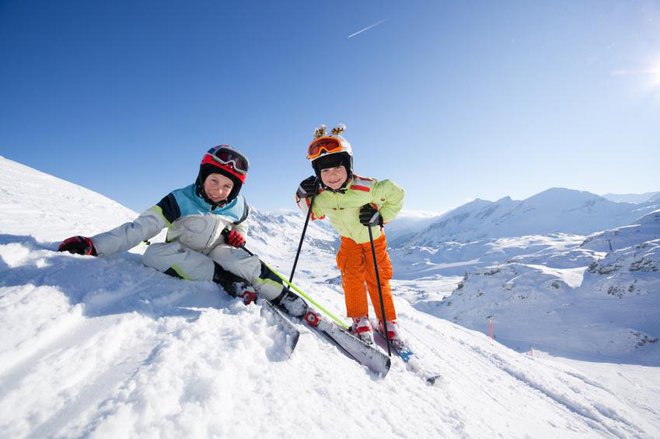 happy children in skiing outfit in snowy mountains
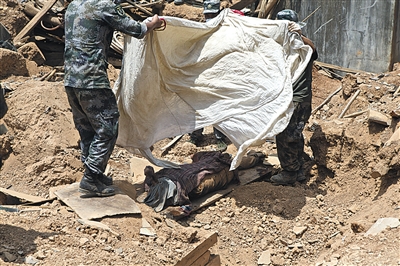 救援战士们为刚刚挖掘出的遗体盖上白布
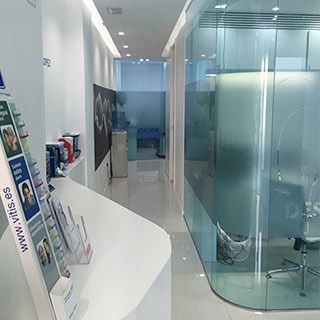 Un pasillo en un consultorio dental con una pared de vidrio y una silla.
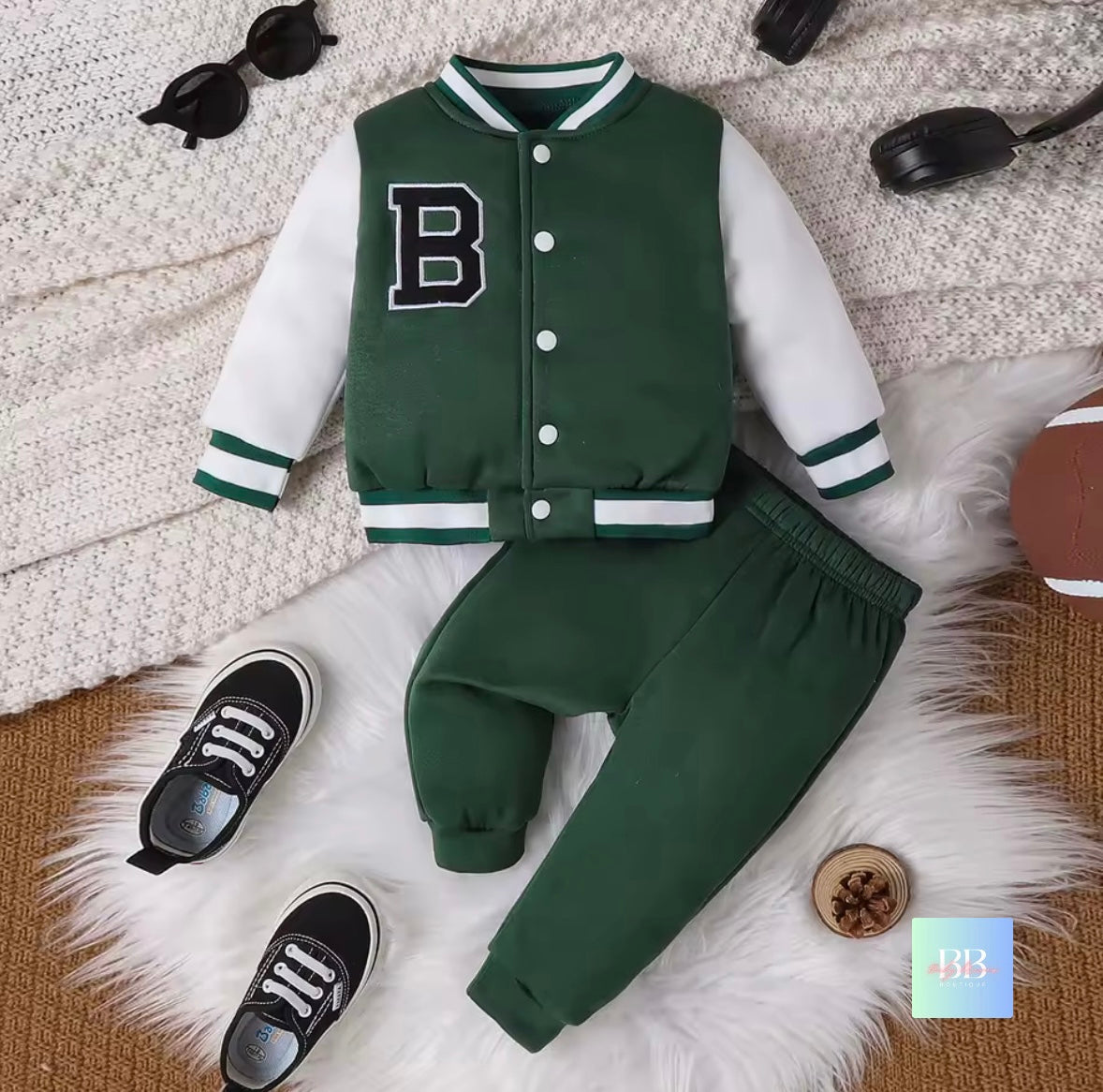 Green varsity jacket and pants set with shoes on a textured surface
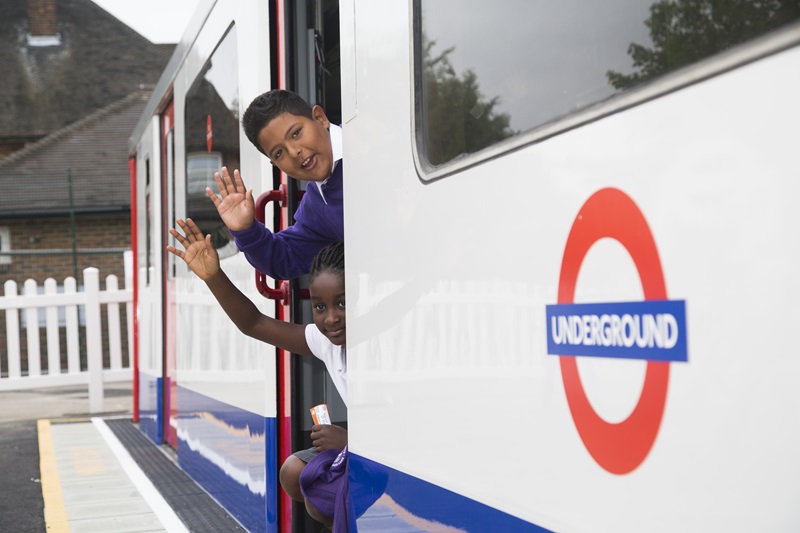 Kids Waving Inside a London Underground Train - Mace Group
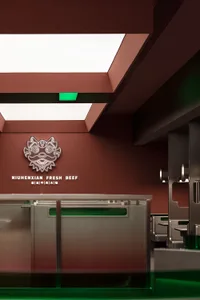 A modern restaurant interior with a red wall, green ceiling, and a counter with a logo, featuring two sinks and a refrigerator in a warm and inviting atmosphere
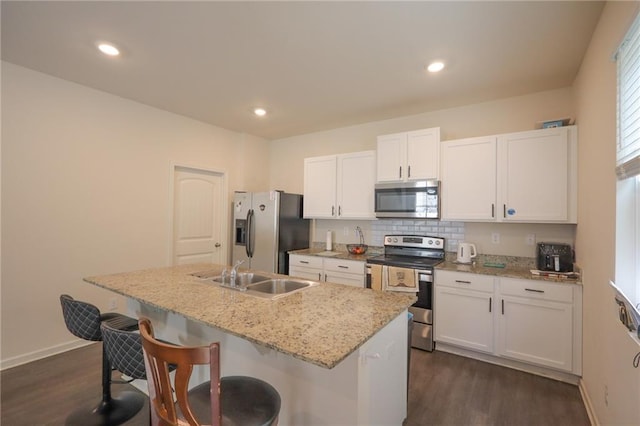 357 Hughes Ln, Pendergrass, GA 30567 - kitchen featuring stainless steel appliances, dark wood-type flooring, a center island with sink, white cabinetry, and a kitchen bar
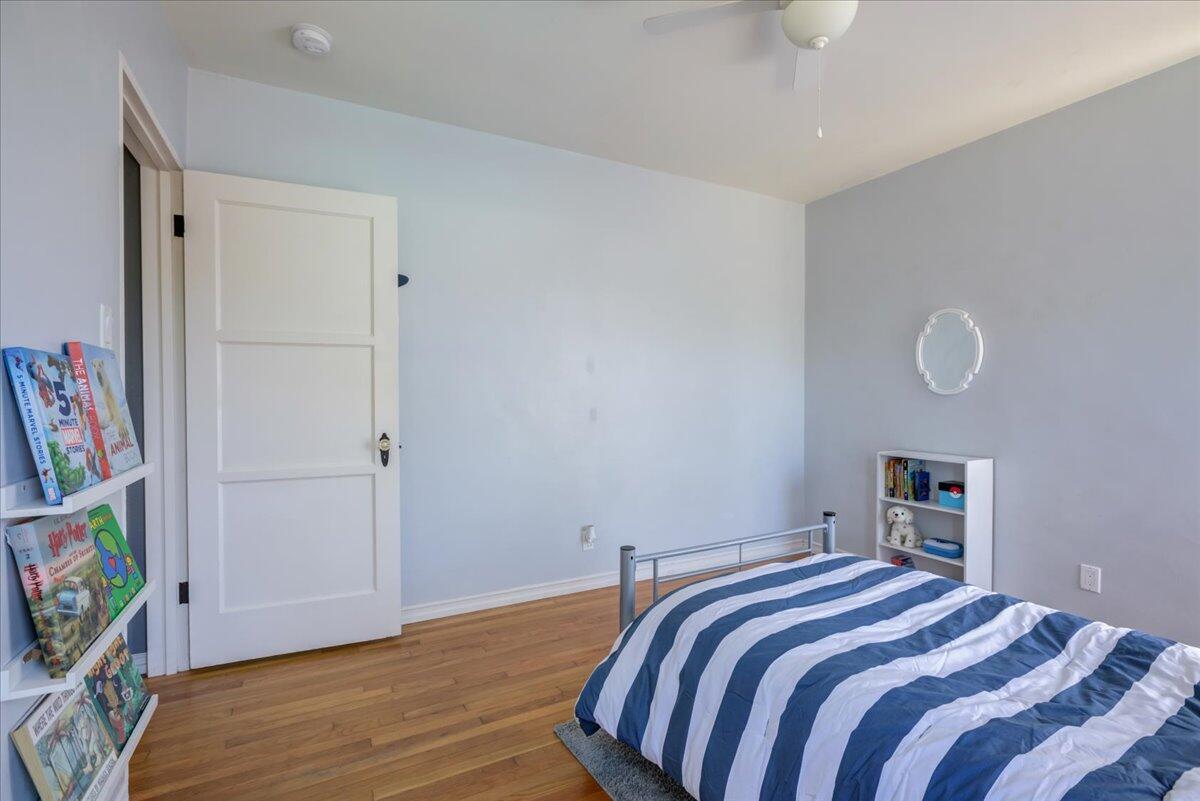 425 Howard Street Ventura, CA 93003 - Photo 20 of 31 a bedroom with a bed and a flat screen tv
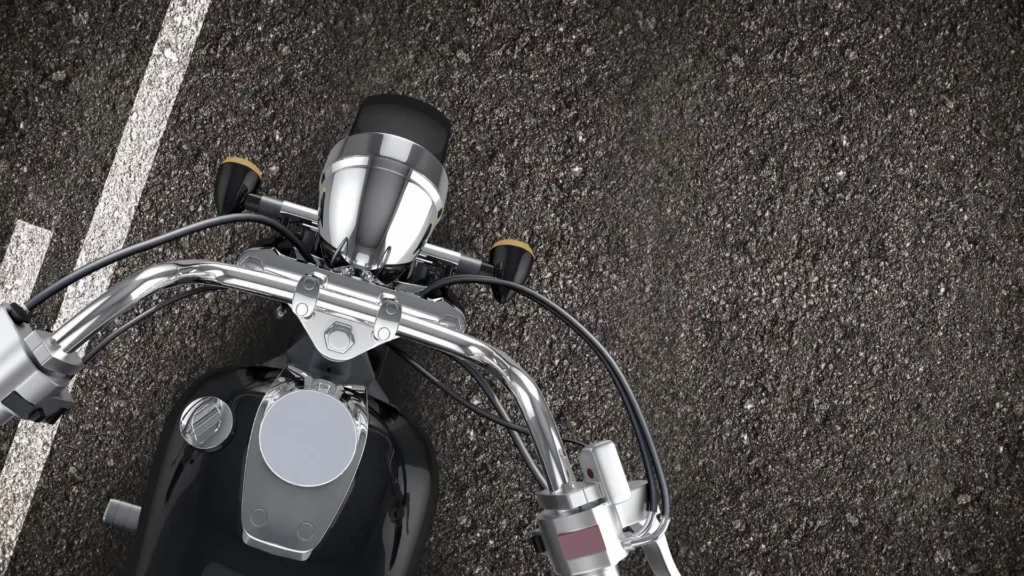 A top shot of a motorcycle driving down the road.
====
EXERCISE PROMPT:
Your answer should set down the listing verbatim and leave out its images.

YOUR SOLUTION:
 happy children in skiing outfit in snowy mountains
 救援战士们为刚刚挖掘出的遗体盖上白布
 Un pasillo en un consultorio dental con una pared de vidrio y una silla.
 Green varsity jacket and pants set with shoes on a textured surface
 Kids Waving Inside a London Underground Train - Mace Group
 A modern restaurant interior with a red wall, green ceiling, and a counter with a logo, featuring two sinks and a refrigerator in a warm and inviting atmosphere
 357 Hughes Ln, Pendergrass, GA 30567 - kitchen featuring stainless steel appliances, dark wood-type flooring, a center island with sink, white cabinetry, and a kitchen bar
 425 Howard Street Ventura, CA 93003 - Photo 20 of 31 a bedroom with a bed and a flat screen tv
 A top shot of a motorcycle driving down the road.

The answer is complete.